▸ **Exercise details**
Present the count of lines in the entries below that hold "Hotel", and present nothing else.
(Extracted records begins)
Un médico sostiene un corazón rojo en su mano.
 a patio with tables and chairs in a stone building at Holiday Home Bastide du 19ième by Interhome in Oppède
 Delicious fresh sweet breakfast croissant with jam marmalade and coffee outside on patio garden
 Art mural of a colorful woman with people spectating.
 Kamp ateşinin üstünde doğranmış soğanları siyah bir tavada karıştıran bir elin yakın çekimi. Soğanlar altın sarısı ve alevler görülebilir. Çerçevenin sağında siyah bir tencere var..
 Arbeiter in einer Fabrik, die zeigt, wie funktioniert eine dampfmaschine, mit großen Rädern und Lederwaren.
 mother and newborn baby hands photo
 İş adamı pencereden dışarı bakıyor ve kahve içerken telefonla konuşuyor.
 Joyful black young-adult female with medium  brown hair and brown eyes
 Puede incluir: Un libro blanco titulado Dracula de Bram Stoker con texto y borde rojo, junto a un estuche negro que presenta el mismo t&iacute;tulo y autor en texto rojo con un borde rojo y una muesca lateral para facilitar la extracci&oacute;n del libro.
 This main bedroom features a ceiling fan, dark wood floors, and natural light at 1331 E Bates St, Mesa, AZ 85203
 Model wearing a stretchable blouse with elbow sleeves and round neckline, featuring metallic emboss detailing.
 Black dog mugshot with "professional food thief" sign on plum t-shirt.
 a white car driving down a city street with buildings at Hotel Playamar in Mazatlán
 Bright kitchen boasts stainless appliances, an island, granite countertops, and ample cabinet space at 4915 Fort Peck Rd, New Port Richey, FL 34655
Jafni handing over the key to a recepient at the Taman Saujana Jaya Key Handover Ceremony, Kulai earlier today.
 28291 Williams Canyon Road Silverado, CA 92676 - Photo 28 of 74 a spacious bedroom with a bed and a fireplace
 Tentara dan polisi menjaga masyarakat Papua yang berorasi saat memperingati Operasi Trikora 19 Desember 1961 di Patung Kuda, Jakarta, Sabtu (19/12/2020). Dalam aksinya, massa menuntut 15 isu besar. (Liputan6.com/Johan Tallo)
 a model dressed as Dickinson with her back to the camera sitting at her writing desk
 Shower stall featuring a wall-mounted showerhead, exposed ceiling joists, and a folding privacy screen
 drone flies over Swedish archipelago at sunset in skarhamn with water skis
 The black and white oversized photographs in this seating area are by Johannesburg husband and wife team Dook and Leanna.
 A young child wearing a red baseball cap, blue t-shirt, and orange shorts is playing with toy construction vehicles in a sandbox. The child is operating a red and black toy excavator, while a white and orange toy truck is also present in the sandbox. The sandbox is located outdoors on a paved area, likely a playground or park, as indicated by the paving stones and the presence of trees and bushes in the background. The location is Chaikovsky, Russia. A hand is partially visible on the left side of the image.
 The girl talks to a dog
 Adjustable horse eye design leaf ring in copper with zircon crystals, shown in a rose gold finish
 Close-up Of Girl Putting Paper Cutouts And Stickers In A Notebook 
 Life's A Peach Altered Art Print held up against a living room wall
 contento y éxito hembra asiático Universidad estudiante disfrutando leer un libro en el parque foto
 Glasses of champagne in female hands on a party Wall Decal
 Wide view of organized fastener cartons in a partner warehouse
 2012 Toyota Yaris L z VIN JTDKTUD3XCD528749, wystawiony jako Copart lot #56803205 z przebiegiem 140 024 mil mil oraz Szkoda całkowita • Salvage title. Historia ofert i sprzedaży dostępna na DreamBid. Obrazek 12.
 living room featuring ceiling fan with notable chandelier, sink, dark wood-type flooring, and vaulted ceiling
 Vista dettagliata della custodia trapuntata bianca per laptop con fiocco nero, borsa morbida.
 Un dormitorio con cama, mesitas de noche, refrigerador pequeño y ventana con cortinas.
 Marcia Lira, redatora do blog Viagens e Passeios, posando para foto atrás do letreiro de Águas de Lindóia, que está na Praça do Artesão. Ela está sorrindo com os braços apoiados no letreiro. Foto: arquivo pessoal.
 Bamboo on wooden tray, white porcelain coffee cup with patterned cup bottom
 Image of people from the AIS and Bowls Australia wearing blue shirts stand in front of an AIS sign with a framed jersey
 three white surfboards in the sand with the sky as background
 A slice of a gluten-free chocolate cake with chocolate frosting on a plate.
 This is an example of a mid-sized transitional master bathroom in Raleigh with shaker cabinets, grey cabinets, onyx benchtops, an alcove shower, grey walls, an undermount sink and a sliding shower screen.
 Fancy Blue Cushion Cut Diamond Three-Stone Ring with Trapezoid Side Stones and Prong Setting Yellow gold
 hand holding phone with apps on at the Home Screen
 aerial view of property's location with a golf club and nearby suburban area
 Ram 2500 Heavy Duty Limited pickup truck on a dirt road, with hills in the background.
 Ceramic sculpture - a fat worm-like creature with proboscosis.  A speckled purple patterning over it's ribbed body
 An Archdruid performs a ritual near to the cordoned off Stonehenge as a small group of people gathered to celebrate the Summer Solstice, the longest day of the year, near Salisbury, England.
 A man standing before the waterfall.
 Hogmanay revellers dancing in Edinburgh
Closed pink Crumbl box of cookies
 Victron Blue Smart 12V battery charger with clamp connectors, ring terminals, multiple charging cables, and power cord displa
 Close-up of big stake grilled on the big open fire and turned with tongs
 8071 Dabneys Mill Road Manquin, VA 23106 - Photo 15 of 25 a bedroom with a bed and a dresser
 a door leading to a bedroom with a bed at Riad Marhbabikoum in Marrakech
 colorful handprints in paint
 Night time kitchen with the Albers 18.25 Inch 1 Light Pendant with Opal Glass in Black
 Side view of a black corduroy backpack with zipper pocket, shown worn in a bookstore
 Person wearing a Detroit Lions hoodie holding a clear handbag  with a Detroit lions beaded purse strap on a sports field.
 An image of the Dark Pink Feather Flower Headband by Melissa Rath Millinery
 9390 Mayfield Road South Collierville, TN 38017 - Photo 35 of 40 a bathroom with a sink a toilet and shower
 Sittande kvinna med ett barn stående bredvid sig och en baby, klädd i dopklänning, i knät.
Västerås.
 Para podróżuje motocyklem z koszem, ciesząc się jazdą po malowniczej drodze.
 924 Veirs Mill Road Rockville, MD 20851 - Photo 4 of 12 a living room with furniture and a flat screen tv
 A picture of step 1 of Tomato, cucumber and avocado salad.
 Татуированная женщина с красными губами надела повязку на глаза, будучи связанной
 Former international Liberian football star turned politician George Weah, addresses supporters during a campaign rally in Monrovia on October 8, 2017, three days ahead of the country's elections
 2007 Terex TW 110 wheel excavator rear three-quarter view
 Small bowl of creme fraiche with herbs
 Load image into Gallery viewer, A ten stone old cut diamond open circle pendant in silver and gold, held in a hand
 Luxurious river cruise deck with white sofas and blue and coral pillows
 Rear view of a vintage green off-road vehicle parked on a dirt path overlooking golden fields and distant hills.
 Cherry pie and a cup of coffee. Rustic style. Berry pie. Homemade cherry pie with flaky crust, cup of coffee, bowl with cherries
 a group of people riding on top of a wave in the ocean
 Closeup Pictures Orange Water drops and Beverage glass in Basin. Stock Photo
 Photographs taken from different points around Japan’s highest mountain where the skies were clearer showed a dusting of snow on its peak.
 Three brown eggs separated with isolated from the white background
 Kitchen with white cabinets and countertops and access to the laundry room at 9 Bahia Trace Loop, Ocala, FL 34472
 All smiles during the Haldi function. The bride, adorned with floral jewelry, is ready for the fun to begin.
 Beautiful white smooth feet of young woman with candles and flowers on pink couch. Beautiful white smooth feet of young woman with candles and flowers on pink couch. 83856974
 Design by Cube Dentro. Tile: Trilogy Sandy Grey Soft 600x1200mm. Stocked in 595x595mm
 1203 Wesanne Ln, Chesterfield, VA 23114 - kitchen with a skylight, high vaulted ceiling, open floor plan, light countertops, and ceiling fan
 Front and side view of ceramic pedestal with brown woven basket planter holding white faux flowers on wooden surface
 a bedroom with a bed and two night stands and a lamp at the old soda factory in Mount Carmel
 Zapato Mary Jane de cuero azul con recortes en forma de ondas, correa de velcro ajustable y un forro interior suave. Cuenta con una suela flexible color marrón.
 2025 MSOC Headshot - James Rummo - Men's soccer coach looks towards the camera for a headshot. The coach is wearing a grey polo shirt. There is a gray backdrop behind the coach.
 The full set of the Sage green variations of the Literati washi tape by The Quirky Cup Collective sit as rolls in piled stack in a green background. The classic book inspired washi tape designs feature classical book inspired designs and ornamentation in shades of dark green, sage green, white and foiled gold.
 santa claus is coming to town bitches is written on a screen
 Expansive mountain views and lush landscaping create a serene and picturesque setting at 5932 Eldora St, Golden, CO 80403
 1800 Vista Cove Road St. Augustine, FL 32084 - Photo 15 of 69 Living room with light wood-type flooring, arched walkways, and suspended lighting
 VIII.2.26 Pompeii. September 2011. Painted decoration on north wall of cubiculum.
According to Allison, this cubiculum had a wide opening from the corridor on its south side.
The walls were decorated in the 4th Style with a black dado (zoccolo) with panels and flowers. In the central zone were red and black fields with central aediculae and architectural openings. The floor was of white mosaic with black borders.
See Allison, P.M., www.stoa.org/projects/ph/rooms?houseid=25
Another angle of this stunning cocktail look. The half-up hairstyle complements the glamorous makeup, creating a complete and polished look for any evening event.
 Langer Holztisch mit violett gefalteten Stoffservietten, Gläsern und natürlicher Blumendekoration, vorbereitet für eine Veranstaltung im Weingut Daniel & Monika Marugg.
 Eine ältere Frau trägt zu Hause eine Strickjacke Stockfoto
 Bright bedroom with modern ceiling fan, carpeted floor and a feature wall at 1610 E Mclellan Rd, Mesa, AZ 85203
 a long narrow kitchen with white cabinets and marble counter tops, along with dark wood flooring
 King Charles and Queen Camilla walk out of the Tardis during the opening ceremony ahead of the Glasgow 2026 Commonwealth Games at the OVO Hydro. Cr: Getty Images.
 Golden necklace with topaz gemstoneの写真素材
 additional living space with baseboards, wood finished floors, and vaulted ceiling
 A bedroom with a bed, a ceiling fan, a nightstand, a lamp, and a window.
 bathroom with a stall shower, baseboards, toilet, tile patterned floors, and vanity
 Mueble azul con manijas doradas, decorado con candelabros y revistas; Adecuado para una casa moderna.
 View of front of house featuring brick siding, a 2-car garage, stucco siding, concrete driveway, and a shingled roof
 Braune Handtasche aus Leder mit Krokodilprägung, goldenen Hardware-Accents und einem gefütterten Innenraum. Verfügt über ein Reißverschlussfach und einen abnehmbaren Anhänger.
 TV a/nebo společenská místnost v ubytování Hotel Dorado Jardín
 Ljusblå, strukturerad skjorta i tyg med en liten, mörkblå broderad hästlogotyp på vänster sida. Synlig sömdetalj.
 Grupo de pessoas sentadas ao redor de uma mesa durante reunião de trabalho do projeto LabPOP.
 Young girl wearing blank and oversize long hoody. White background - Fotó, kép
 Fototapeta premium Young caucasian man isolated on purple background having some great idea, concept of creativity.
(Extracted records ends)
▸ **Solution to the problem**
2